Not just hope for a life of some kind of Zen like personal satisfaction, for what is the point of that, but rather a hope for all things, that at the end of all things, there is a wholeness that holds everything.
They sail away don’t they?

My daughter is 21.
Let’s leave aside all the talk of the speed time passes and seems-like-yesterday…
But then again, I am less immune to nostalgia than most, particularly where my lovely lass is concerned. She has overcome a whole raft of challenges already in her young life and somehow stayed loving, creative and hard working… my pride in her is a deep well of goodness.
One of those aforementioned challenges is dyspraxia and yesterday, on her actual birthday, she exited the house too enthusiastically and came a mighty cropper, ending up in casualty. She is now stretched out on our sofa unable to walk because of a horrible cut to her knee. Not the best way to spend your birthday. We can only ope that she will be healed up in time for our house move, or we will have to find a large roll of bubble wrap.
Come to think of it that is not such a bad idea…

Our present to her was rather symbolic. She loves sailing, so we have managed (via the help of a number of friends with Towbars- thanks Andy!- and driveways- thanks Moseleys) to purchase and secrete a sailing boat as a 21st birthday present. To be more specific to those who are into such things, a very old (1964) Mirror sailing dinghy.
Because they sail away, our kids. Slowly perhaps, but their horizons will always be different from ours.
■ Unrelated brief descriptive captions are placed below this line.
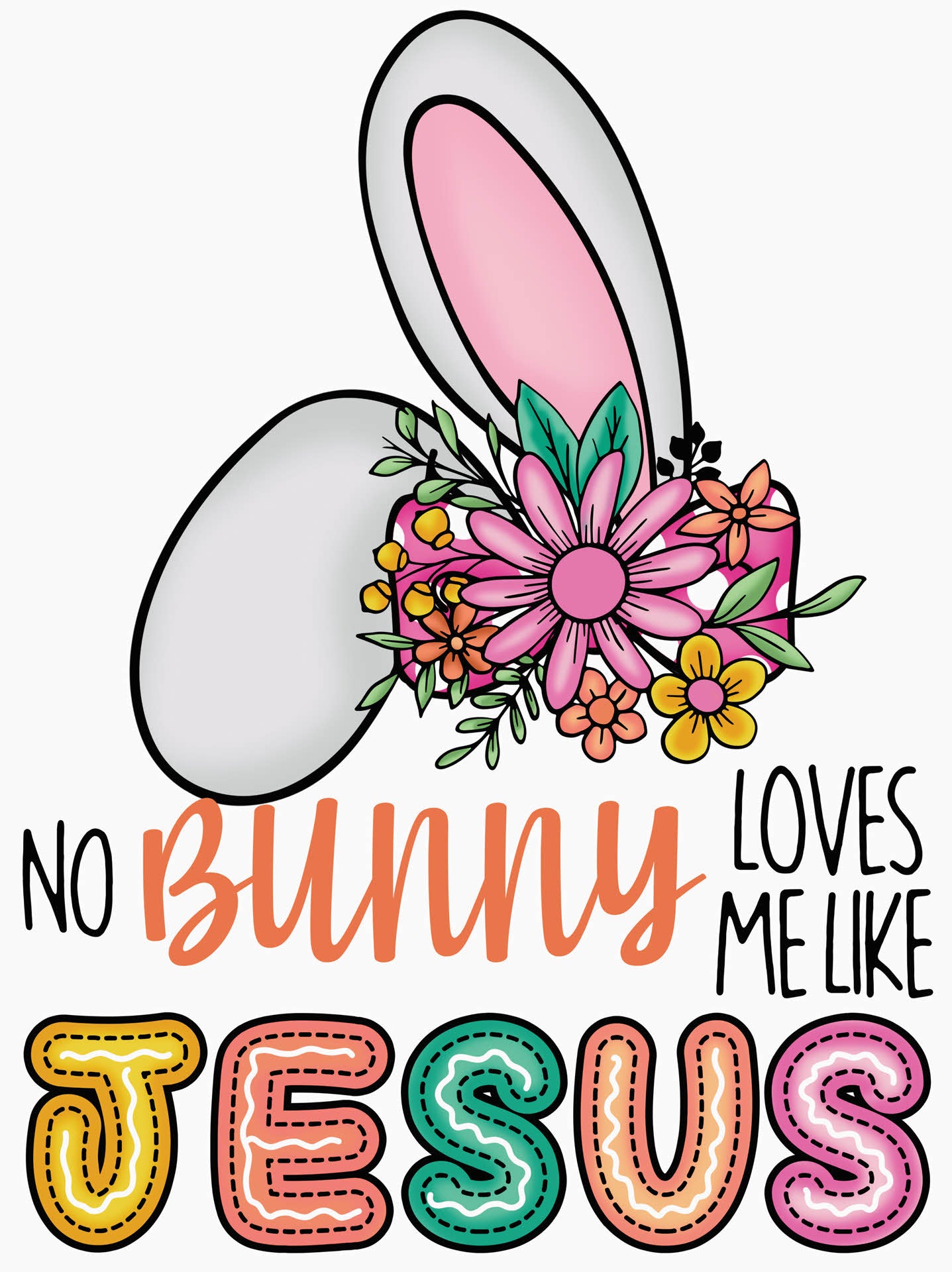 No Bunny Loves Me Like Jesus - Easter DTF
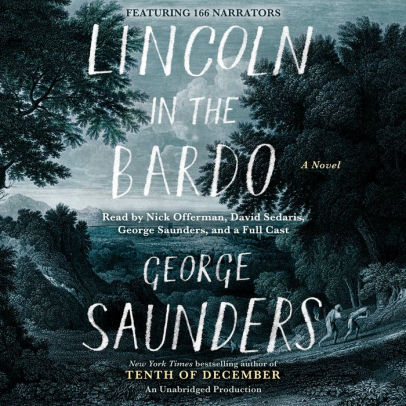 Title: Lincoln in the Bardo, Author: George Saunders, Nick Offerman, David Sedaris, Various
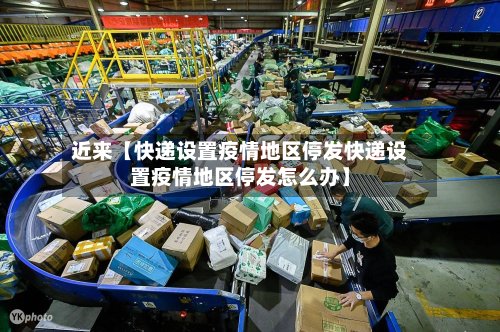 近来【快递设置疫情地区停发快递设置疫情地区停发怎么办】-第3张图片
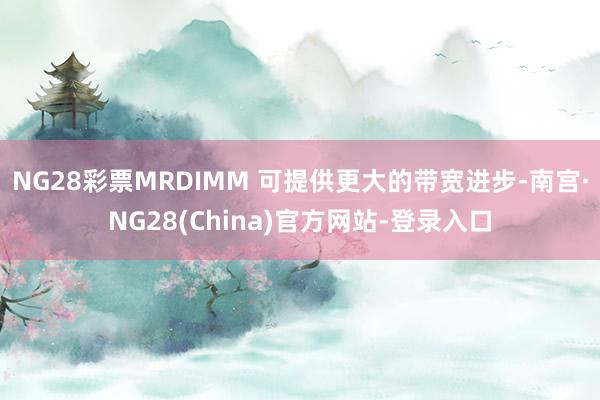 NG28彩票MRDIMM 可提供更大的带宽进步-南宫·NG28(China)官方网站-登录入口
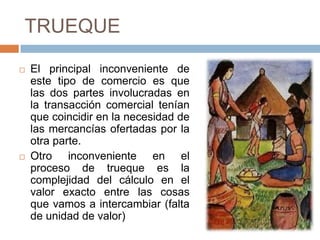 TRUEQUE
 El principal inconveniente de
este tipo de comercio es que
las dos partes involucradas en
la transacción comercial tenían
que coincidir en la necesidad de
las mercancías ofertadas por la
otra parte.
 Otro inconveniente en el
proceso de trueque es la
complejidad del cálculo en el
valor exacto entre las cosas
que vamos a intercambiar (falta
de unidad de valor)
 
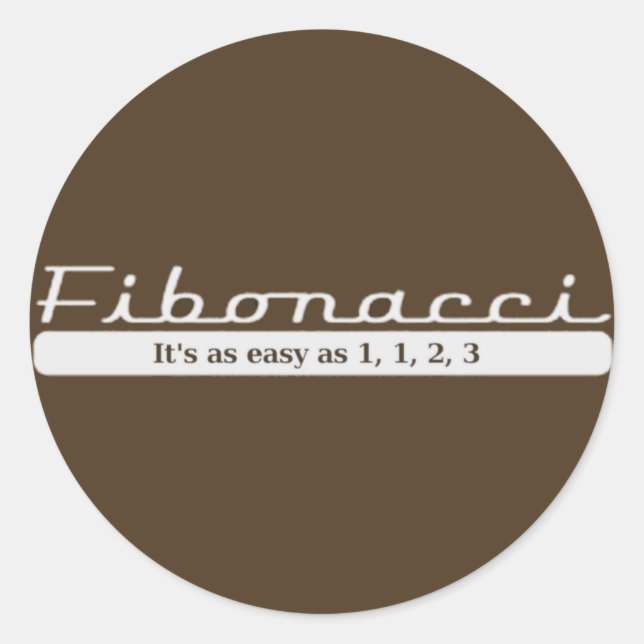 Fibonacci... Es ist so einfach wie 1, 1, 2, 3 Runder Aufkleber (Vorderseite)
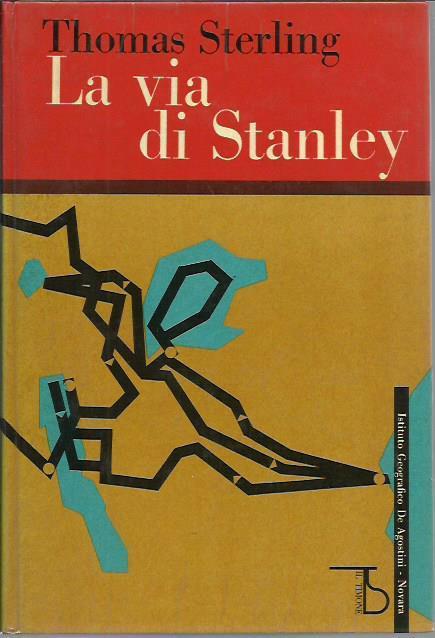 La Via Di Stanley - Thomas Sterling - copertina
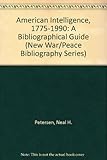 Book cover for American Intelligence, 1775-1990: A Bibliographical Guide
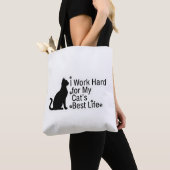 Ik werk hard voor het beste leven voor mijn kat tote bag (Dichtbij)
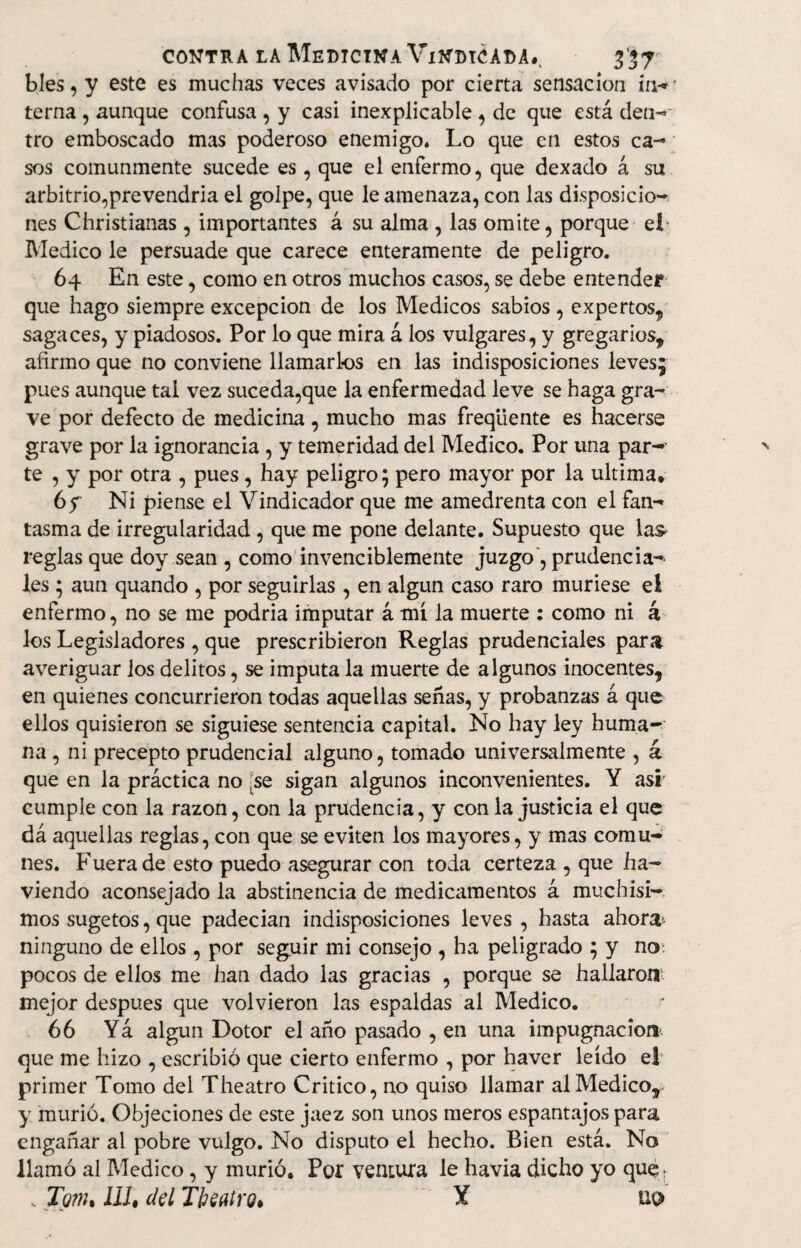 bles, y este es muchas veces avisado por cierta sensación irw terna , aunque confusa , y casi inexplicable , de que está den- tro emboscado mas poderoso enemigo* Lo que en estos ca¬ sos comunmente sucede es, que el enfermo, que dexado á su arbitrio,prevendría el golpe, que le amenaza, con las disposicio¬ nes Christianas , importantes á su alma , las omite, porque el Medico le persuade que carece enteramente de peligro. 64 En este, como en otros muchos casos, se debe entender que hago siempre excepción de los Médicos sabios , expertos, sagaces, y piadosos. Por lo que mira á los vulgares, y gregarios, afirmo que no conviene llamarlos en las indisposiciones leves; pues aunque tal vez suceda,que la enfermedad leve se haga gra¬ ve por defecto de medicina , mucho mas freqiiente es hacerse grave por la ignorancia, y temeridad del Medico. Por una par¬ te , y por otra , pues, hay peligro; pero mayor por la ultima» 65 Ni piense el Vindicador que me amedrenta con el fan¬ tasma de irregularidad , que me pone delante. Supuesto que las* reglas que doy sean , como invenciblemente juzgo', prudencia¬ les ; aun quando , por seguirlas , en algún caso raro muriese el enfermo, no se me podría imputar á mí la muerte : como ni á los Legisladores , que prescribieron Reglas prudenciales para averiguar los delitos, se imputa la muerte de algunos inocentes, en quienes concurrieron todas aquellas señas, y probanzas á que ellos quisieron se siguiese sentencia capital. No hay ley huma¬ na , ni precepto prudencial alguno, tomado umversalmente , á que en la práctica no ;se sigan algunos inconvenientes. Y asi' cumple con la razón, con la prudencia, y con la justicia el que dá aquellas reglas, con que se eviten los mayores, y mas comu¬ nes. Fuera de esto puedo asegurar con toda certeza , que ha- viendo aconsejado la abstinencia de medicamentos á muchísi¬ mos sugetos, que padecían indisposiciones leves , hasta ahora* ninguno de ellos, por seguir mi consejo , ha peligrado ; y no pocos de ellos me han dado las gracias , porque se hallaron mejor despu.es que volvieron las espaldas al Medico. 66 Yá algún Dotor el año pasado , en una impugnación que me hizo , escribió que cierto enfermo , por haver leído e! primer Tomo del Theatro Critico, no quiso llamar al Medico, y murió. Objeciones de este jaez son unos meros espantajos para engañar al pobre vulgo. No disputo el hecho. Bien está. No llamó al Medico, y murió. Por ventura le havia dicho yo que. „ Tqtiu ¡11, del Tbeatro, Y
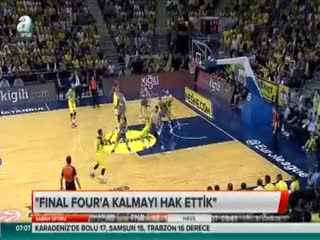 "Final Four'a kalmak büyük başarı"
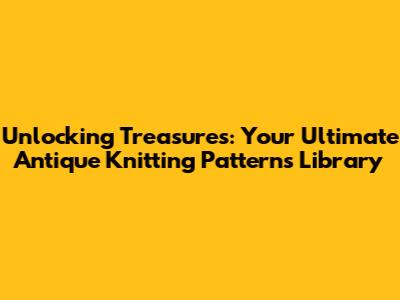 Unlocking Treasures: Your Ultimate Antique Knitting Patterns Library
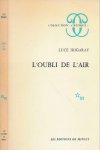 Irigaray, Luce - L'Oubli de l'Air: Chez Martin Heidegger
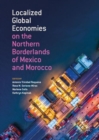 Localized Global Economies on the Northern Borderlands of Mexico and Morocco - Book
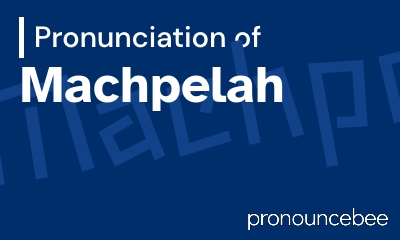 how to pronounce machpelah feature image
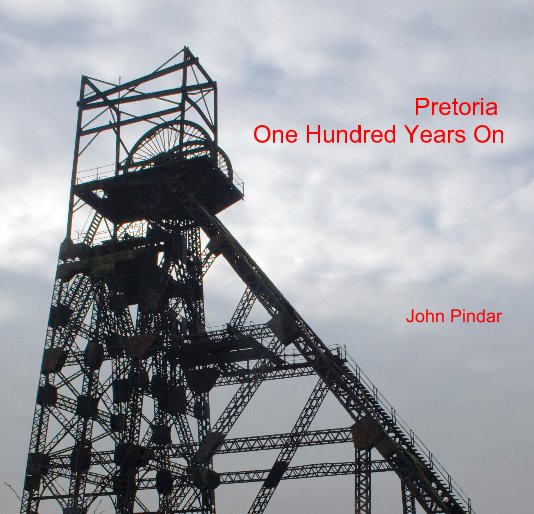 View Pretoria One Hundred Years On by John Pindar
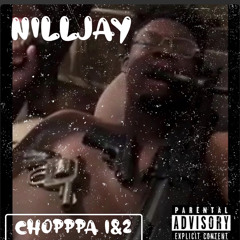 Choppas 1&2 (Ft Tsk Menace)
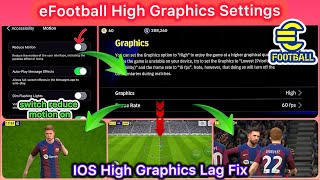 How To Fix Lag  eFootball 2024 High Graphics Config  eFootball 2024 Graphics Configuration [upl. by Iphigeniah]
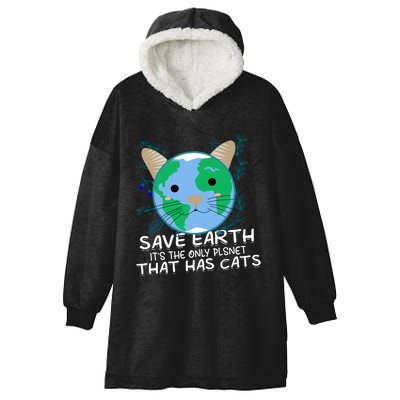 Save Earth The Only Planet With Cats Hooded Wearable Blanket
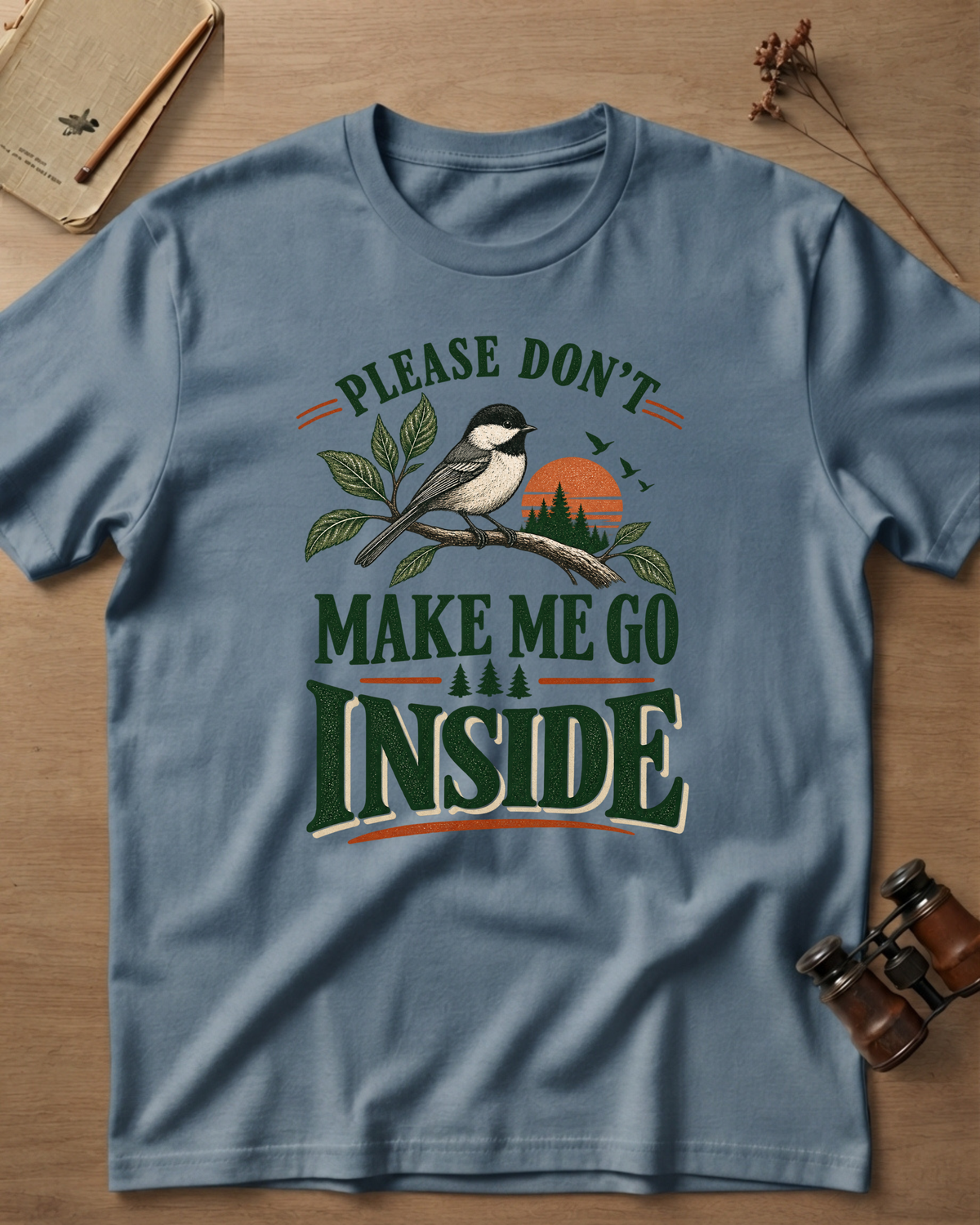 Please Don't Make Me Go Inside T-Shirt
The boat is small, and the ocean vast, so forgive me the fears that linger on this old landlubber but there really is no other way. They must sail away.
By the way, this was taken pre accident yesterday on the Argyll Riviera.

Kate Tempest on the process of writing…

Anyone who writes things will get this. It is a bit of a conversation between Kate Tempest and Fleabag writer author Phoebe Waller-Bridge. You can read the whole interview here.
PWB Can I ask you, Kate, writer to writer: do you ever write something and go, “Smashed it, that’s brilliant, I’m keeping that, that’s amazing.” Does it get to the point where you can step back and go, “That’s a really good piece of writing” or, “That’s not such a good piece of writing.” Or do you just write it all down and not think of it critically?
KT It’s not like, “Wooh, I’m smashing this” but sometimes everything else disappears, and that happens very rarely. The rest of the time, it’s you writing when you don’t feel like writing, writing when you hate everything that’s coming out, forcing yourself to engage with the idea that it’s going to be shit no matter what you do, and trying to kind of break through that because of a deadline, or because you know that it’s very important to continue. This is what enables you to be a writer.
The difference between a writer and someone who dreams of being a writer is that the writer has finished. You’ve gone through the agony of taking an idea that is perfect – it’s soaring, it comes from this other place – then you’ve had to summon it down and process it through your shit brain. It’s coming out of your shit hands and you’ve ruined it completely. The finished thing is never going to be anywhere near as perfect as the idea, of course, because if it was, why would you ever do anything else? And then you have another idea. And then these finished things are like stepping stones towards being able to find your voice.
The thing is, everybody’s got an idea. Everybody wants to tell me about their ideas. Everybody is very quick to look down on your finished things, because of their great ideas. But until you finish something, I’ve got no time to have that discussion. Because living through that agony is what gives you the humility to understand what writing is about.